◆ Task to carry out ◆
Please reproduce exactly the line that contains "Cho thuê nhiều" and every line after it through the end of the records below, adding nothing else.

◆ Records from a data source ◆
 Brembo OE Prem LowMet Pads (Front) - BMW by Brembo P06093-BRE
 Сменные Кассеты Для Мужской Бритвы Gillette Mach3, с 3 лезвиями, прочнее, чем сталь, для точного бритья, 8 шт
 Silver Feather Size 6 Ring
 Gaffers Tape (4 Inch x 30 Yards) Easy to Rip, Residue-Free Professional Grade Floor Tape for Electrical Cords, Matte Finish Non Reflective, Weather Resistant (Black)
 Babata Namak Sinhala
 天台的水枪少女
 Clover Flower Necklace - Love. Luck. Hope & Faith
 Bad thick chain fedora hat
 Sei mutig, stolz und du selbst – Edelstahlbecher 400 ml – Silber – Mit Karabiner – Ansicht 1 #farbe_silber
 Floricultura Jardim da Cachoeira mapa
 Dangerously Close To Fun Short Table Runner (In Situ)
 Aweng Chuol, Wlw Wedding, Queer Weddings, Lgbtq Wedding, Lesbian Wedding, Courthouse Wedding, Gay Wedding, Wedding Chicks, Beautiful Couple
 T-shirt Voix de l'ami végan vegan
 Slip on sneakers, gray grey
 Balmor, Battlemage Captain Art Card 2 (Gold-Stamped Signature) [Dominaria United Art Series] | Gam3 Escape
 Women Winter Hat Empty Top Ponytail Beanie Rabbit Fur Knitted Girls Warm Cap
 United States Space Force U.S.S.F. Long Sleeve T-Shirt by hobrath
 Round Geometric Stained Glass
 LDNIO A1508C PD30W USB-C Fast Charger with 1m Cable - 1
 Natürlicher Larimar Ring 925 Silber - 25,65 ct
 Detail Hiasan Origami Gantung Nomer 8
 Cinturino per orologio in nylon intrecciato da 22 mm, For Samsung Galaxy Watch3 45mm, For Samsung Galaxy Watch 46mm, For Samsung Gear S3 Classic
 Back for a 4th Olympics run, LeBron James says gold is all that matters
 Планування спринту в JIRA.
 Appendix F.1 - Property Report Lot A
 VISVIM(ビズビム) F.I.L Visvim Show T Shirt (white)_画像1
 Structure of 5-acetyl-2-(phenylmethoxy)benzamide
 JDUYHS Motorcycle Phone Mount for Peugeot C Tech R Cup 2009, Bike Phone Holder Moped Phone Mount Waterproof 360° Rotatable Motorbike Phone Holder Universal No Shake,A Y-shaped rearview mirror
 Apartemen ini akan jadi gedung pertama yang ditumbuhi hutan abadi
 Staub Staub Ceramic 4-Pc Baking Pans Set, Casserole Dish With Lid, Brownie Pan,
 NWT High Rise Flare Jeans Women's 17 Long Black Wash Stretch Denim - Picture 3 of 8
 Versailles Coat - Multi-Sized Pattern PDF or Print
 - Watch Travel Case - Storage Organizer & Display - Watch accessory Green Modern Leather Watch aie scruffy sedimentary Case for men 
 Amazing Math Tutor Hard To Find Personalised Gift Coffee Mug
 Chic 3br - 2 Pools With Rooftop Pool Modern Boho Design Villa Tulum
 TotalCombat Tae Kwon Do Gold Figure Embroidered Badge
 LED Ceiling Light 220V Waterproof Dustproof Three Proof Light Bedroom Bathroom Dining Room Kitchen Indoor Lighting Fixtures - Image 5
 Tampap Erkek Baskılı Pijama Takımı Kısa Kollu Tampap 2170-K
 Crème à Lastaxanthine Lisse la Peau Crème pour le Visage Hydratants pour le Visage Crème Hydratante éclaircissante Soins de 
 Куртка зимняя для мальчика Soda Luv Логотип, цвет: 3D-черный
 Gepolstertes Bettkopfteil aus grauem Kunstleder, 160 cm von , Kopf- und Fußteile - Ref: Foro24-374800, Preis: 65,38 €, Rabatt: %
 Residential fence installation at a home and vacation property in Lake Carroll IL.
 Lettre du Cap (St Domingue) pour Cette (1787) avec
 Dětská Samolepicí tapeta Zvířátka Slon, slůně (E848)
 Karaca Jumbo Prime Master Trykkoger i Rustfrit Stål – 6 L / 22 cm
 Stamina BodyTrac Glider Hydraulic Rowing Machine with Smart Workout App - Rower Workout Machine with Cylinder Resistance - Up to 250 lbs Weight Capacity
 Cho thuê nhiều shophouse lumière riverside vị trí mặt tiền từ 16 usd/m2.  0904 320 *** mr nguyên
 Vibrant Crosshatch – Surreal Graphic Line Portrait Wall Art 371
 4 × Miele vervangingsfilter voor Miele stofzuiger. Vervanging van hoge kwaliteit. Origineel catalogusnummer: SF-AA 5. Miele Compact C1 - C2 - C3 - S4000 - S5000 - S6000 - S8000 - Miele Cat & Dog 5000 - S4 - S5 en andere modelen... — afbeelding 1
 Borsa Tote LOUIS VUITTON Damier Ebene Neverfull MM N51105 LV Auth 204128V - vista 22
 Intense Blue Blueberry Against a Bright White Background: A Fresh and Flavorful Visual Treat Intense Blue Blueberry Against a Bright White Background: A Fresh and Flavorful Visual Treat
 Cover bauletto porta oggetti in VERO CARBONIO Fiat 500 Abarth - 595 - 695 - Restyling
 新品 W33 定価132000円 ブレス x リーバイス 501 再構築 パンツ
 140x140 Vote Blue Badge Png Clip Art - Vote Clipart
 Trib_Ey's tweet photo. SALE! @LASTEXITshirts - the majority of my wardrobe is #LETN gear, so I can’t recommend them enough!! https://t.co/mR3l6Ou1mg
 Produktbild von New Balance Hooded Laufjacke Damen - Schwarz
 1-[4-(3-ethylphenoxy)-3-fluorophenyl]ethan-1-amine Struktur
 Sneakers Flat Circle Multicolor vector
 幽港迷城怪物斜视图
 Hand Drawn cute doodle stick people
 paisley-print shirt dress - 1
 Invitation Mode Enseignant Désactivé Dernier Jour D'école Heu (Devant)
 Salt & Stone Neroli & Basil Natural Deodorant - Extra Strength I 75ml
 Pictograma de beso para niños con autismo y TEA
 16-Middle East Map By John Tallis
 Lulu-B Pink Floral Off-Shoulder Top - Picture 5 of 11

◆ Problem solution ◆
 Cho thuê nhiều shophouse lumière riverside vị trí mặt tiền từ 16 usd/m2.  0904 320 *** mr nguyên
 Vibrant Crosshatch – Surreal Graphic Line Portrait Wall Art 371
 4 × Miele vervangingsfilter voor Miele stofzuiger. Vervanging van hoge kwaliteit. Origineel catalogusnummer: SF-AA 5. Miele Compact C1 - C2 - C3 - S4000 - S5000 - S6000 - S8000 - Miele Cat & Dog 5000 - S4 - S5 en andere modelen... — afbeelding 1
 Borsa Tote LOUIS VUITTON Damier Ebene Neverfull MM N51105 LV Auth 204128V - vista 22
 Intense Blue Blueberry Against a Bright White Background: A Fresh and Flavorful Visual Treat Intense Blue Blueberry Against a Bright White Background: A Fresh and Flavorful Visual Treat
 Cover bauletto porta oggetti in VERO CARBONIO Fiat 500 Abarth - 595 - 695 - Restyling
 新品 W33 定価132000円 ブレス x リーバイス 501 再構築 パンツ
 140x140 Vote Blue Badge Png Clip Art - Vote Clipart
 Trib_Ey's tweet photo. SALE! @LASTEXITshirts - the majority of my wardrobe is #LETN gear, so I can’t recommend them enough!! https://t.co/mR3l6Ou1mg
 Produktbild von New Balance Hooded Laufjacke Damen - Schwarz
 1-[4-(3-ethylphenoxy)-3-fluorophenyl]ethan-1-amine Struktur
 Sneakers Flat Circle Multicolor vector
 幽港迷城怪物斜视图
 Hand Drawn cute doodle stick people
 paisley-print shirt dress - 1
 Invitation Mode Enseignant Désactivé Dernier Jour D'école Heu (Devant)
 Salt & Stone Neroli & Basil Natural Deodorant - Extra Strength I 75ml
 Pictograma de beso para niños con autismo y TEA
 16-Middle East Map By John Tallis
 Lulu-B Pink Floral Off-Shoulder Top - Picture 5 of 11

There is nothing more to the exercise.